A heatwave in Paris puts a different perspective on climate change for our sweaty continent.
It was the hottest day in the history of Paris, and I wasn’t bothered and nor was anyone around me. Paris is a terrible place to be in a heatwave. The French have a weird attitude about everything, and especially climate control. They don’t like it. They fear it. They would rather give directions in English to a tourist than turn on an air conditioner or an electric fan. It’s not the energy consumption or the environmental impact that bothers them – it’s the draught.
The French are convinced they can survive anything – Nazi occupations, garlic shortages, the price of a beer in a cafe in the Place des Vosges (Є11) – except the sensation of moving air on their skin. Those chic Parisians in Hermès scarves and cravats? They aren’t being elegant, they’re running scared from a chill.

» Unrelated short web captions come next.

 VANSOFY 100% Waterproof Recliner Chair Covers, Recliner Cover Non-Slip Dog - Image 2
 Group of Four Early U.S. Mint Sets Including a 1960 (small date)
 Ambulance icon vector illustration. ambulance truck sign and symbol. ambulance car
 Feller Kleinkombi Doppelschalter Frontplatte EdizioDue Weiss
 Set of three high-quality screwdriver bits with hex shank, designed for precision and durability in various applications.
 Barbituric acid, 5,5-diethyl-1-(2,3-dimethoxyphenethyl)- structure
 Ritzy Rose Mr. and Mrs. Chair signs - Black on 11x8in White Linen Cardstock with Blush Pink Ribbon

On the day the thermometer hit 42.6˚C, in July this year, the city went on an emergency footing. There aren’t many green spaces in Paris and it becomes one big urban heat island. The stone buildings gather up all the heat and hold it and layer it upon itself. When you walk down Boulevard Saint-Michel with the intention of throwing yourself into the boiling Seine, you’re breathing the evaporated sweat of at least 17 other people.
The city set up sprinkler systems in public places, but to use them you had to get to them, and that meant either walking or catching public transport, and a bus or the metro on a hot day in Paris is like climbing inside a wetsuit along with a hundred other people.
In a normal city populated by normal people, you could go to the movies. Paris has more cinemas than any other city in the world – over 350 – but about 349 of those don’t have air conditioning. I found one that did on
Rue Champollion, paid my sticky euros and staggered in to an old Jean-Luc Godard movie. The only thing that approaches a heatwave for discomfort is a Godard movie, but at least it would be … wait a minute, why isn’t it cool? Why’m I still sweating? Why can’t I breathe!
I found the manager and demanded to know why it said ‘Salle Climatisée’ outside. ‘We have air conditioning, m’sieur,’ he said, as smooth as a Frenchman chatting to your girlfriend while you’re in the bathroom. ‘But it hasn’t worked since 2003.’
In the end I did what I should have done in the first place: I made my way to the nearest five-star hotel. Americans stay in five-star hotels, so five-star hotels have air conditioning, even in Paris.
Walking in was like being reborn. In the cool, dark hotel bar I joined the wealthy in their suits and power dresses. Outside, people were dying like dogs caught in a napalm storm but inside it was all smiles and Champagne and crisp white cuffs. Outside you couldn’t help thinking about climate change and the apocalypse looming like a fiery comet, but inside it all faded away to a rumour, or someone else’s problem.
This is nice, I thought. I want to be here, not out there. I want to be insulated from heat and sad thoughts. Then someone asked for more ice in his gin, and the barman said, ‘We don’t have any more.’
A rumble of shock ran through the place. The refrigeration unit, the barman explained, had overworked and burnt out. There was no more ice.
The mood changed. Brows furrowed, fists clenched. This was a crisis. The climate had reached through the insulation of money, and we didn’t like being touched.
It’s all very well having marches and protests and climate strikes, but if we really want the rich and powerful to do something about the climate, maybe we should just unplug all the fridges in hotel bars.